Mayor establishing new commission to tackle race relations in Shreveport

New committee focuses on race relations and diversity in Shreveport

SHREVEPORT, La. (KSLA) - A new commission is coming soon that will focus on race within the city of Shreveport.

On Tuesday, Dec. 10, Mayor Adrian Perkins announced he would be establishing the Shreveport Commission on Racial and Cultural Diversity.

“Just some of the dialogue that we hear in our city council meetings... a lot of it is racially charged by issues where race doesn’t necessarily need to be introduced,” he said. “It really pits our community up against one another, and we can’t afford that.”

Perkins released the application for the commission and says he’s already gotten close to 100 applicants so far.

“I want this committee to be (a) representative of the population,” he said. “I want it to be as diverse as possible.

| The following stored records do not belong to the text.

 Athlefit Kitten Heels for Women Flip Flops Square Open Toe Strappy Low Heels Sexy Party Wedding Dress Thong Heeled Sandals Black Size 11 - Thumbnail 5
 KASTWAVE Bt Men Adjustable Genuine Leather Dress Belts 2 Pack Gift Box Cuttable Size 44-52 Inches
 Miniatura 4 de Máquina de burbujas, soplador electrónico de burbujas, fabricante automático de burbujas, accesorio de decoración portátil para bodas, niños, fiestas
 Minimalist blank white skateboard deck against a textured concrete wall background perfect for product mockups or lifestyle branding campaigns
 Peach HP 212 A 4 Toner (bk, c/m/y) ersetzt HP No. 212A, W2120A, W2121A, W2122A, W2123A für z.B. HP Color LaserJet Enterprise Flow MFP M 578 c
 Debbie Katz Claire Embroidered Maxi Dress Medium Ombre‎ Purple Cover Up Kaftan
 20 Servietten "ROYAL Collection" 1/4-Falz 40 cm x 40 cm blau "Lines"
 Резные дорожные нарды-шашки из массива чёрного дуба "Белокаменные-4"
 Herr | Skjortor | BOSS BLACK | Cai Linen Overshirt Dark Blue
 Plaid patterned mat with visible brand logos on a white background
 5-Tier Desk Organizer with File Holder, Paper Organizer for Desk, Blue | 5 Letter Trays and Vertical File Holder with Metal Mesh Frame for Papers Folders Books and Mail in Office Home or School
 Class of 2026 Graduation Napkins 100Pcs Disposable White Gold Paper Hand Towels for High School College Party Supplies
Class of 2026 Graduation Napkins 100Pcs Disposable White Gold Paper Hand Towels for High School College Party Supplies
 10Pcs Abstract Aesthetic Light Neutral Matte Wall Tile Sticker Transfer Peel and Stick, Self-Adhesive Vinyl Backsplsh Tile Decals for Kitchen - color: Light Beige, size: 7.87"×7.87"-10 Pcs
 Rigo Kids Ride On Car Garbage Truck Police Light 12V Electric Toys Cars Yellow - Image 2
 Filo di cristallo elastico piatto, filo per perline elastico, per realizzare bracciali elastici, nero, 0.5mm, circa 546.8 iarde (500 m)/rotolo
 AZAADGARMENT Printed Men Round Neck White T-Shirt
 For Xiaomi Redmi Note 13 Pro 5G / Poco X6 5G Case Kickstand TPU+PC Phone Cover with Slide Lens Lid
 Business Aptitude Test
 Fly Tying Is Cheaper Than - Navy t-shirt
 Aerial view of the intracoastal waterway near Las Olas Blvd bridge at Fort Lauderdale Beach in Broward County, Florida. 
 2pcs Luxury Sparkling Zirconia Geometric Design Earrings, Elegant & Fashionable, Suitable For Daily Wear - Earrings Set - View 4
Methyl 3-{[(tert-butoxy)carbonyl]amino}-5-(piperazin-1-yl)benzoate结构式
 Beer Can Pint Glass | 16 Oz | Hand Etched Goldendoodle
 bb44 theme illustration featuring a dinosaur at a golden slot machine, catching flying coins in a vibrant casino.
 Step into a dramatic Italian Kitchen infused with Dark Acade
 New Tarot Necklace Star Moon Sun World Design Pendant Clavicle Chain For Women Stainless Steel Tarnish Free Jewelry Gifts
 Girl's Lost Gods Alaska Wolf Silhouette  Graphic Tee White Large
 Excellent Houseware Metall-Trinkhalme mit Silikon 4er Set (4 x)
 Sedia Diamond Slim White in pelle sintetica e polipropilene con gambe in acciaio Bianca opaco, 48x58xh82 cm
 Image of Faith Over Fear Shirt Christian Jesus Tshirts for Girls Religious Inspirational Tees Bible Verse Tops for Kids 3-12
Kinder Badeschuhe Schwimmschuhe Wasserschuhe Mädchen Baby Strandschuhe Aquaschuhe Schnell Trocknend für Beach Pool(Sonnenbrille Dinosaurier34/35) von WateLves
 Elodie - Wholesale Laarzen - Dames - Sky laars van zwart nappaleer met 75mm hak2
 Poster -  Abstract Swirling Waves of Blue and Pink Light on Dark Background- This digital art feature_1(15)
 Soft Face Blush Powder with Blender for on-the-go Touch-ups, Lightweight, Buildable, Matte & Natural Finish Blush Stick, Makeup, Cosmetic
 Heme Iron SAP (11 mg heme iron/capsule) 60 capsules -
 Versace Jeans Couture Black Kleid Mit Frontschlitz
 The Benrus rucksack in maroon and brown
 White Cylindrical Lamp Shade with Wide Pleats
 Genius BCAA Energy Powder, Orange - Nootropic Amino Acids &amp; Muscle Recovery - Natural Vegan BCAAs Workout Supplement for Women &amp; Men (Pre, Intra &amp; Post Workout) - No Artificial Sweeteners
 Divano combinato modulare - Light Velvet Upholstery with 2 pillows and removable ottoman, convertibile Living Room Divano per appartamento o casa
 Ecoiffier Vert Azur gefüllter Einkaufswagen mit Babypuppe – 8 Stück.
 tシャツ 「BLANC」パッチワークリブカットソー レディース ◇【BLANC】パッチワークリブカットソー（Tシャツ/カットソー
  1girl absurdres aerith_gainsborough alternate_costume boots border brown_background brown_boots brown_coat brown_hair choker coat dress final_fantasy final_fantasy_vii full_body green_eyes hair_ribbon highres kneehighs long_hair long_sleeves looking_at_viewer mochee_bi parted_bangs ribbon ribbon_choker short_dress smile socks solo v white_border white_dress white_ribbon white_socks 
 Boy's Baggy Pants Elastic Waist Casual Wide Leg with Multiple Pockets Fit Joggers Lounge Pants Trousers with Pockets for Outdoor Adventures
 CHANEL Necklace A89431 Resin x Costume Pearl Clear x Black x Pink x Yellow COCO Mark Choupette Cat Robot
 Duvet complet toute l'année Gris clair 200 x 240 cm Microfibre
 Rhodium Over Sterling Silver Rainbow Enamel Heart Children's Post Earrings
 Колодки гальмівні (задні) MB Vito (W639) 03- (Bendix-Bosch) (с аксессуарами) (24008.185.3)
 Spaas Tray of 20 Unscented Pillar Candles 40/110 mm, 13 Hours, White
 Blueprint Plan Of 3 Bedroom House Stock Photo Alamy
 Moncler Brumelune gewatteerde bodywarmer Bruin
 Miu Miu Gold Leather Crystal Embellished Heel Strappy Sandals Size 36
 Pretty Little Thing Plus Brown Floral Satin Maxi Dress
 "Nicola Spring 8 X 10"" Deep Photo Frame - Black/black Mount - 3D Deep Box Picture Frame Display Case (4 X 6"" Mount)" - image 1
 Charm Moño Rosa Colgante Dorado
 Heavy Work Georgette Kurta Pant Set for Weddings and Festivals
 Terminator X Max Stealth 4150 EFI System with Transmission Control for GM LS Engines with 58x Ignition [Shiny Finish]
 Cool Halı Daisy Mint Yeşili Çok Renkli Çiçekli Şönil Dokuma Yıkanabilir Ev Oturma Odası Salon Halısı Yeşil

I want every voice to be heard within this committee.”

Perkins says there are no age restrictions, and the only qualification is that those who apply live in Shreveport.

Councilmember Willie Bradford, Dr. Adrian Kushner and Louisiana State University Shreveport Chancellor Dr. Larry Clark make up the advisory committee. They will be tasked with creating the curriculum, drafting the meetings an also selecting the 11 members that will make up this commission.

The city has seen two similar commissions in the past, but Perkins believes this one will be different and really wants change to be made within the city.

“The long term goal is to identify those racial fissures in our community,” he said. “Those institutional things that can be addressed whether you’re talking about improvements to education, economic disparities, cultural disparities... how we can really bring this community together along all those sectors."

Shreveport mayor creating new committee

Carey Wesley was born and raised in Shreveport. He believes the commission is a good idea and believes there is a division within the city.

“People are scared of what they don’t understand,” he said. “If they don’t understand it, they shy away from it, but once everybody comes around to understanding a person’s mindset, a person’s upbringing and where they are coming from then we’ll be able to come together and unite.”

Lee Harville also lives in Shreveport and likes the idea of the commission.

“I don’t know if there’s a division, but I think that a lot of times we don’t have understanding,” he said. “Especially today when everybody’s on social media, (and) on their phones. Actually talking to each other instead of at each other is a thing we need to do more of.”